The site is in an old industrial area of London and comprises a terrace of five, four storey houses. The houses were built in the early 1900s as part of a slum clearance initiative and currently form part of an endangered conservation area. The surrounding cityscape is characterised by a tight grid of streets and laneways, echoing its Medieval origins.
The houses are simply detailed, robust brick buildings, described as ‘mean dwellings’ by art historian Sir Nickolaus Pevsner in his series ‘Buildings of England’. When acquired by the client, they were uninhabited and had fallen into a dilapidated state. However, some of their original features remain including the brickwork and detailing, the ground floor pilasters, the paired sash windows and the pyramidal roof lanterns.
The clients hope to breath fresh life into the buildings and their environs through the creation of a small scale mixed use project containing a studio and workshop space, in the proposed basement and at street level, with two dwellings above.

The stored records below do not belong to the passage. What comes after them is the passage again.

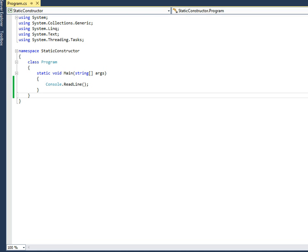Let's try to understand what a static constructor is. A static constructor is used for assigning initial values to the static members of the class.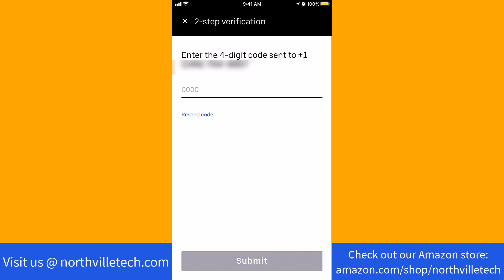A verification code will be sent again to your phone number. Once you receive the code, enter it in the field provided, then tap on Submit.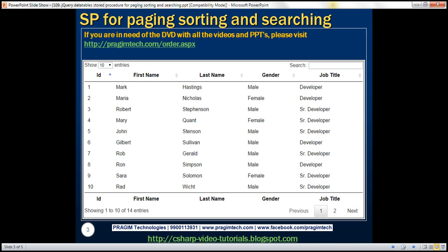Instead, we want to be loading only the correct subset of data. For example, if your page size is 10, then we want to load only those 10 rows from the millions of rows in the table. All the heavy lifting should be done by the stored procedure on the server, and once we retrieve that correct subset, the jQuery DataTable plugin simply displays it on the page.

A key element of the scheme is the restoration of the facades and shopfronts to enhance the streetscape and preserve the quintuple rhythm of the terrace. New shop fronts will be fitted, reinterpreting their original pattern in a contemporary manner, and on the upper storeys, timber sash windows to match the original will be installed.
The roof will be extended along the pitch of the existing and dormers added, following the rhythm of the current fenestration. The rear façade will be opened to a partly glazed, partly solid extension and a demolished outbuilding, whose gable remains, will also be rebuilt.

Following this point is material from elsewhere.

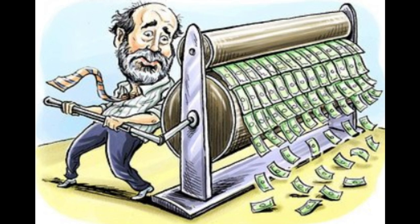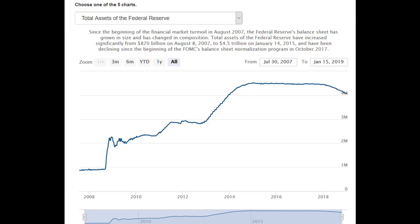The Fed distorts the bond market by buying these long-term assets and therefore increasing their prices. Since bond prices and yields are negatively correlated, the yields of these long-term bonds are decreasing. With the help of QE, the Fed increased its balance sheet from $870 billion in August 2007 to its peak in January 2015 of around $4.5 trillion — a fivefold increase in only seven and a half years.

The material palette for the project is contemporary, yet draws from the vernacular language of the area. The roof extension will be slate and the dormers clad in powder coated metal. The new build to the rear will be brick. However, this will be painted white, clearly delineating between new and old. A combination of opaque and transparent glass will be used to provide privacy for the inhabitants and their neighbours.
Internally, the existing floors and walls will be replaced with a concrete structure at basement and ground floor level and a combined steel and timber structure in the upper storeys.
The commercial space will have a bright, industrial atmosphere with exposed concrete and steel. Voids and green courtyards with large expanses of glazing will act as light wells bringing daylight down into the double height basement. This will become a business hub for people working in the creative industries and has the potential to be opened to the public for events such as talks, film screenings and exhibitions.
The residential space, one single bed and one large family home, will spread over the first and fourth storeys. The use of a steel frame structure allows for a more generous configuration of rooms than originally intended for these houses. Green walls, terraces and views of the courtyards below, provide green oases in this dense urban environment.